Search code examples
performancex86intel-pmumemory-bandwidth

Can the Intel performance monitor counters be used to measure memory bandwidth?


Can the Intel PMU be used to measure per-core read/write memory bandwidth usage? Here "memory" means to DRAM (i.e., not hitting in any cache level).


Solution

  • Yes, this is possible, although it is not necessarily as straightforward as programming the usual PMU counters.

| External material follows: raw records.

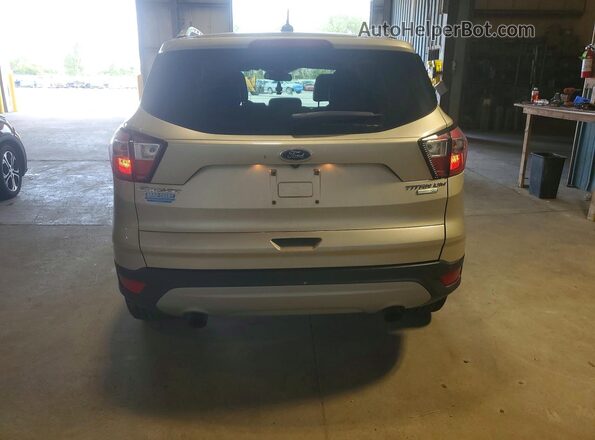 1FMCU9JD7HUF07629 2017 FORD ESCAPE Beige Vista interior delantera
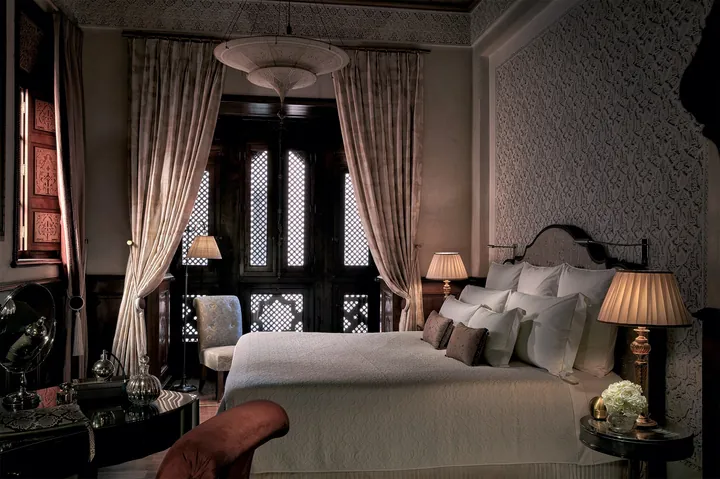Riad bedroom with a sitting area and patterned walls at Royal Mansour Marrakech
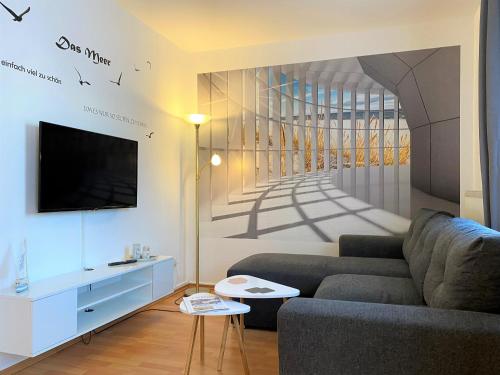 ein Wohnzimmer mit einem Sofa und einem Gemälde einer Treppe in der Unterkunft Appartementhaus Sonnenschein in Binz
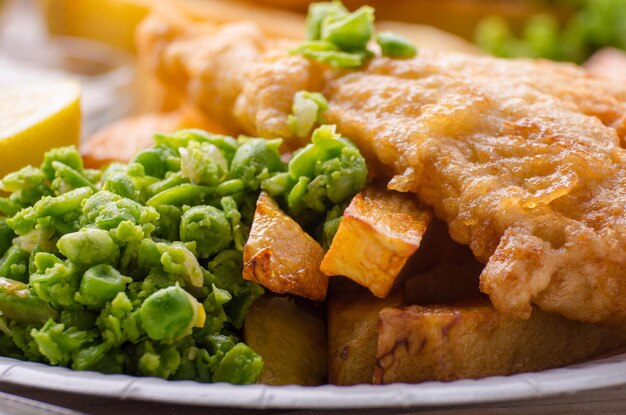 Foto traditionele britse streetfood fish and chips met papperige erwten op papieren bord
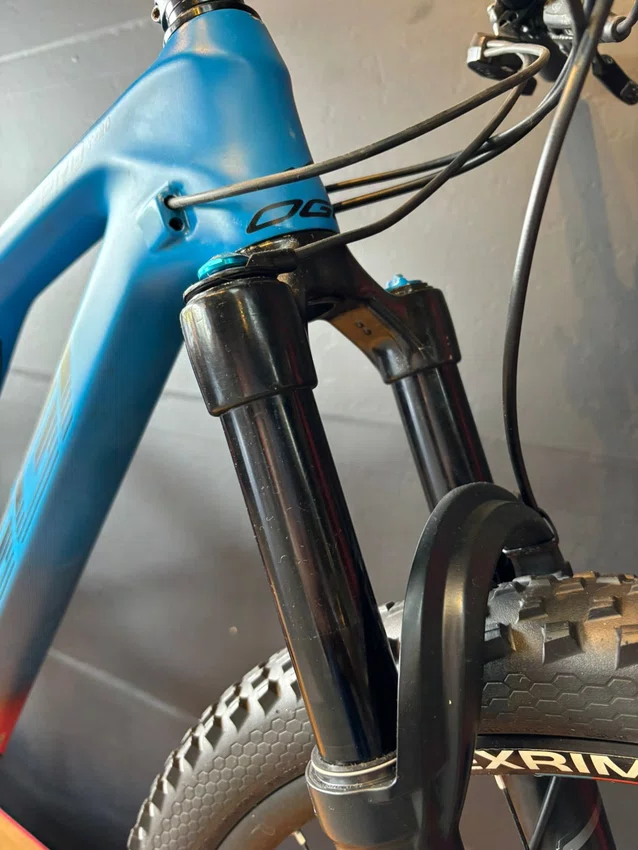 Bicicleta Oggi Cattura Pro T-17 Aro 29 GX 12V Vermelho e Azul - Seminova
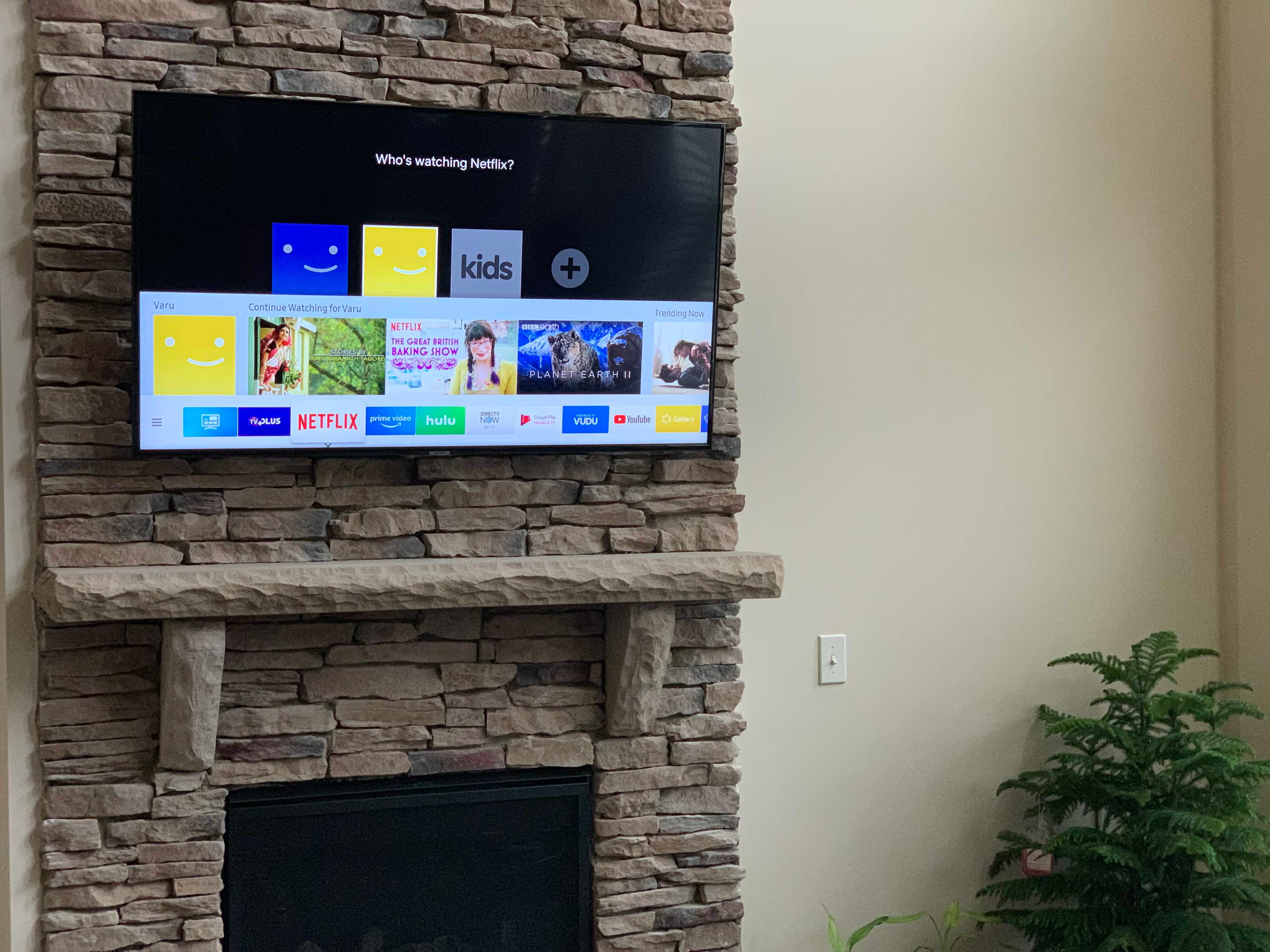 TV above brick fireplace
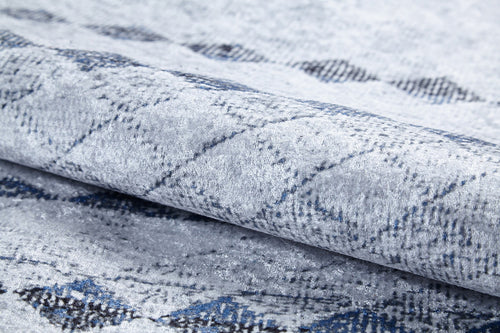 Load image 1 in gallery view. Close-up of the Bohemian Reverie - Washable Rug - JR1974 (Outlet) US, shown folded with a soft, textured surface and subtle diamond pattern in gray, blue, and black—ideal for high-traffic spaces.
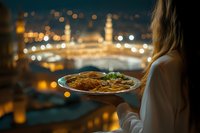 Young woman holding plate with traditional Middle Eastern food on balcony overlooking evening cityscape with glowing lights and mosque silhouette in background.
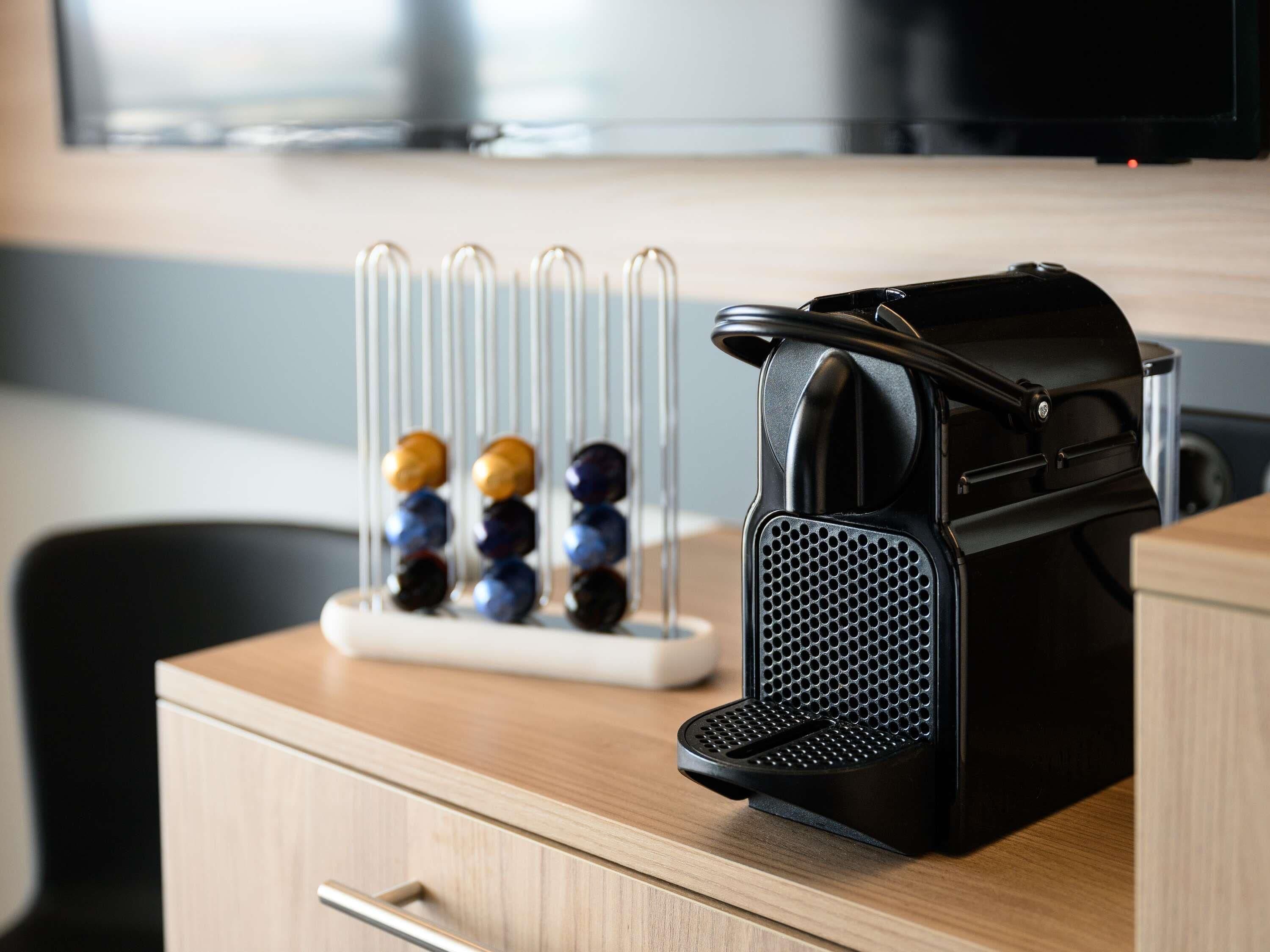 Un coin cuisine équipé d’une machine à café et d’un assortiment de perles colorées présentées sur un présentoir.
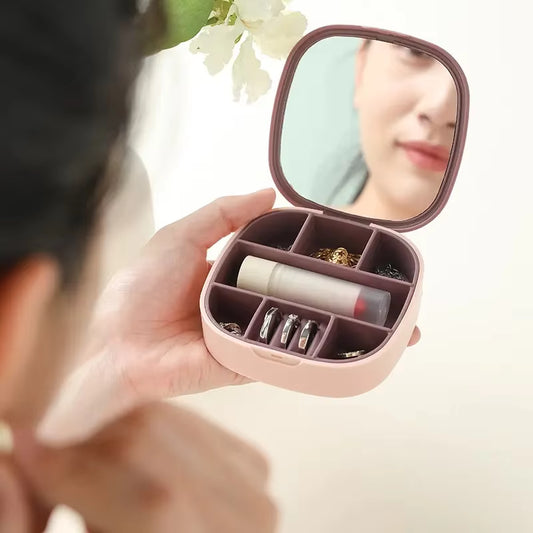 Compact pink jewelry case with mirror held by a person, containing lip balm, earrings, and other small items.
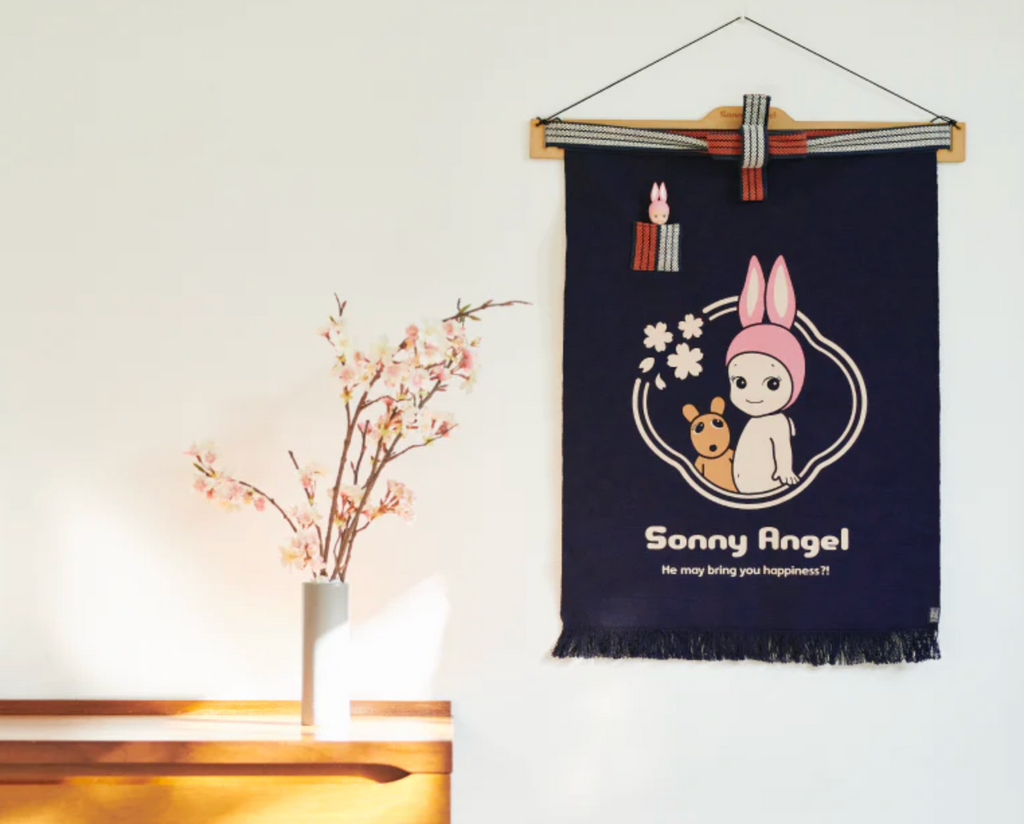 Sonny Angel maekake apron used as a wall hanging next to a wooden desk and a vase of cherry blossoms.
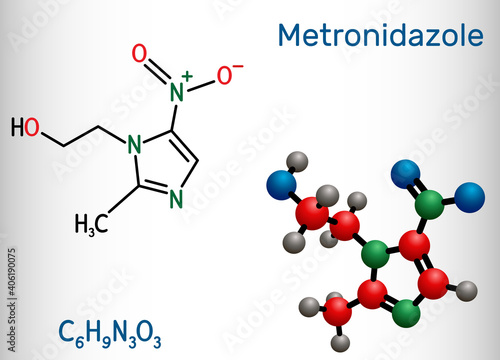Metronidazole, antiprotozoal medication molecule. It is antibiotic, belonging to the nitroimidazole class of antibiotics. Structural chemical formula and molecule model. photo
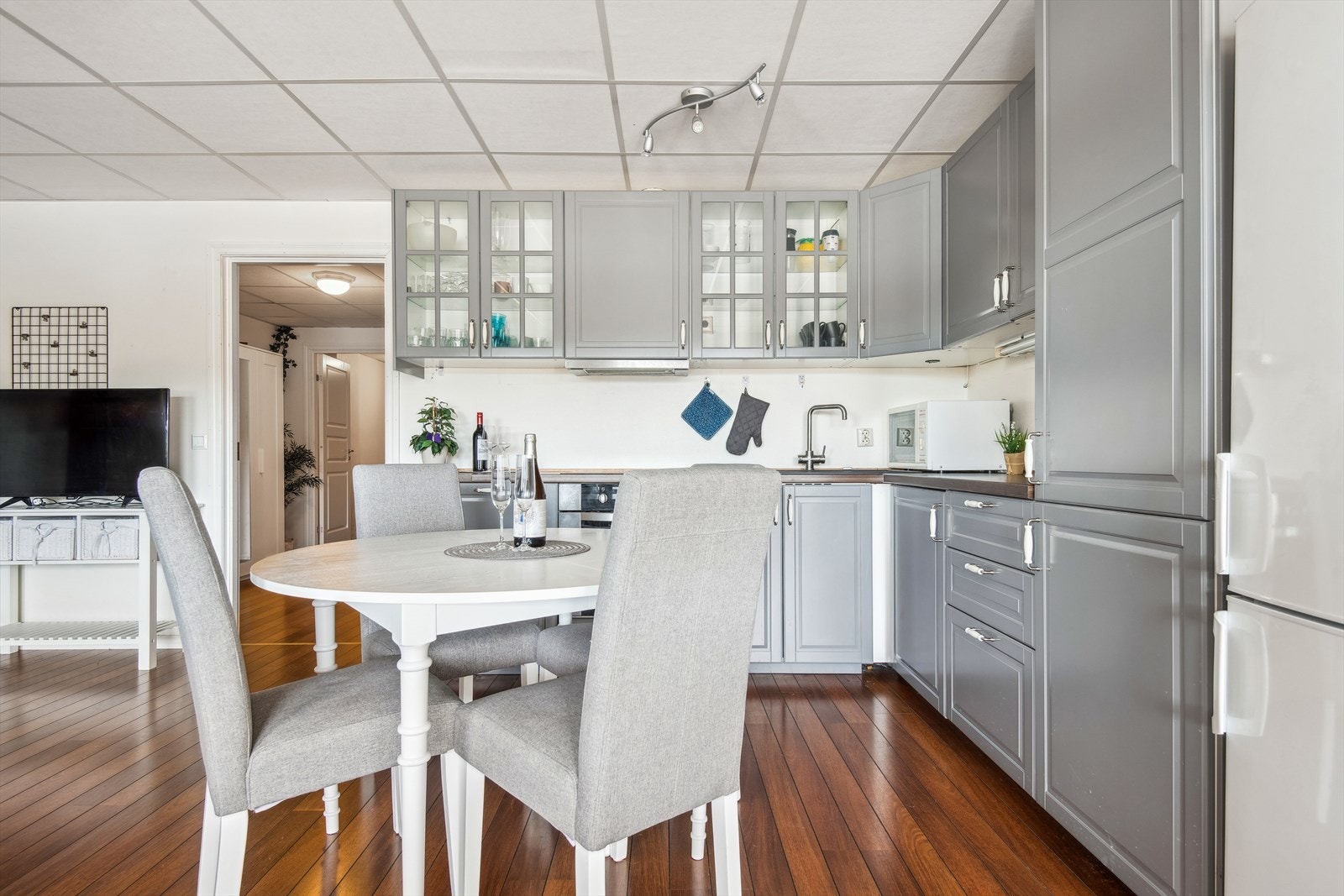 Kjøken med profilerte grå frontar og glasruter i nokre overskåp. Det er god skap- og benkeplate Galleribilde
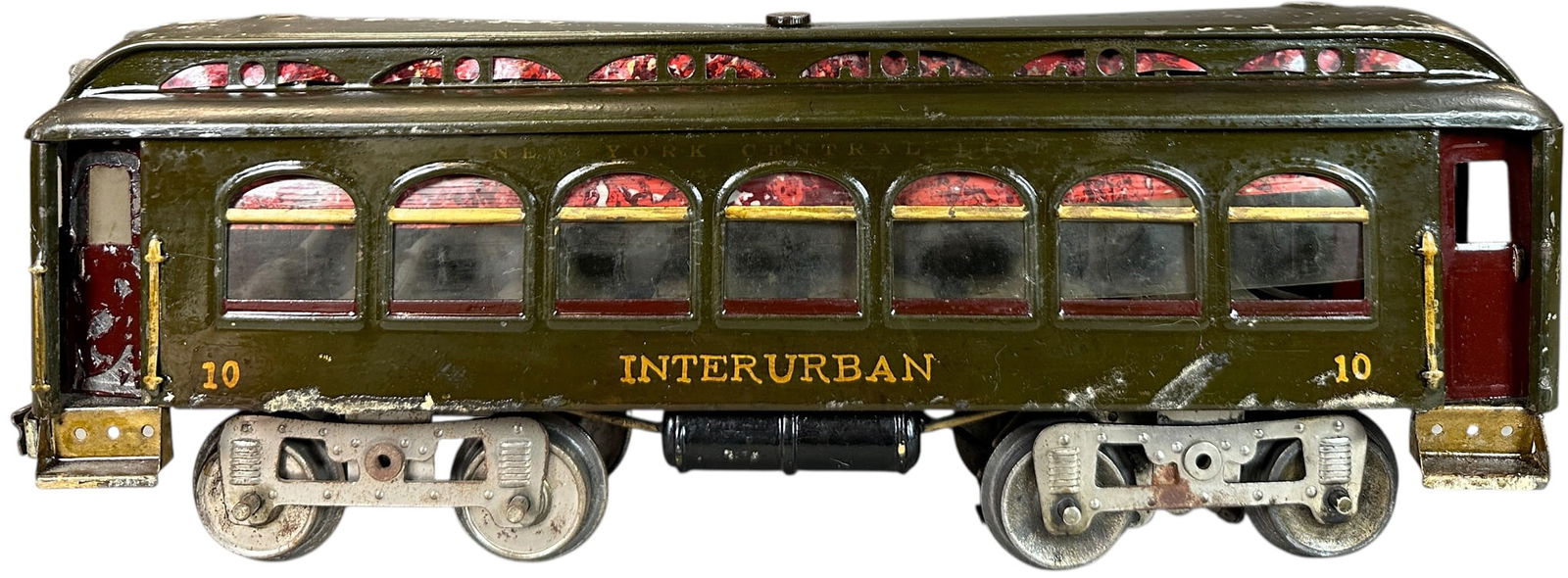 LIONEL INTERURBAN TROLLEY: 476. LIONEL INTERURBAN TROLLEY | Standard gauge, electric. | 15.5" l. | Original paint has been lacquered throughout, appears to be a passenger car with Interurban lettering added, (Very Good Conditio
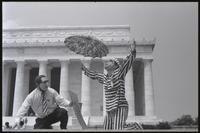 A kneeling figure of Nixon mimes supplication or being absolved next to a figure of Kissinger in front of the Lincoln Memorial at a masquerade during the Vietnam Veterans Against the War demonstration, 04 July 1974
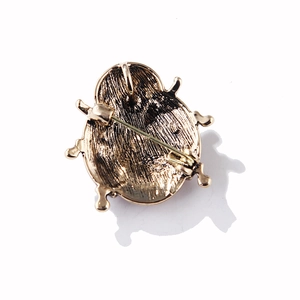 Makroaufnahme der Marienkäfer-Brosche in Vintage-Gold mit Metalltextur und Nadelverschluss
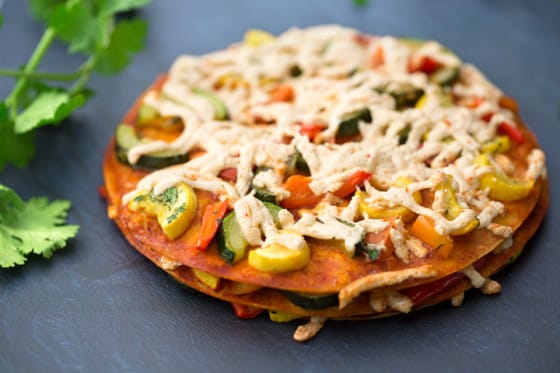 Stacked vegan squash and bell pepper enchiladas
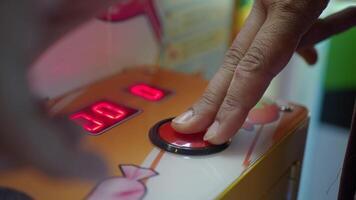 A CloseUp of a Hand Delicately Pressing a Colorful Button on a CandyThemed Arcade Machine video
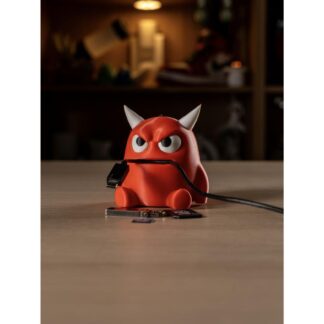 3D printed red cable monster desk organizer holding a charging cable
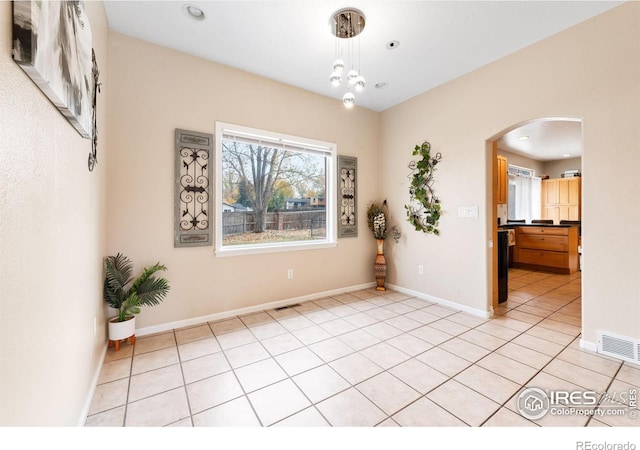 tiled spare room featuring a notable chandelier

    One approach is to use the programmable memory controller counters which are accessed via PCI space. A good place to start is by examining Intel's own implementation in pcm-memory at pcm-memory.cpp. This app shows you the per-socket or per-memory-controller throughput, which is suitable for some uses. In particular, the bandwidth is shared among all cores, so on a quiet machine you can assume most of the bandwidth is associated with the process under test, or if you wanted to monitor at the socket level it's exactly what you want.

    The other alternative is to use careful programming of the "offcore repsonse" counters. These, as far as I know, relate to traffic between the L2 (the last core-private cache) and the rest of the system. You can filter by the result of the offcore response, so you can use a combination of the various "L3 miss" events and multiply by the cache line size to get a read and write bandwidth. The events are quite fine grained, so you can further break it down by the what caused the access in the first place: instruction fetch, data demand requests, prefetching, etc, etc.

    The offcore response counters generally lag behind in support by tools like perf and likwid but at least recent versions seem to have reasonable support, even for client parts like SKL.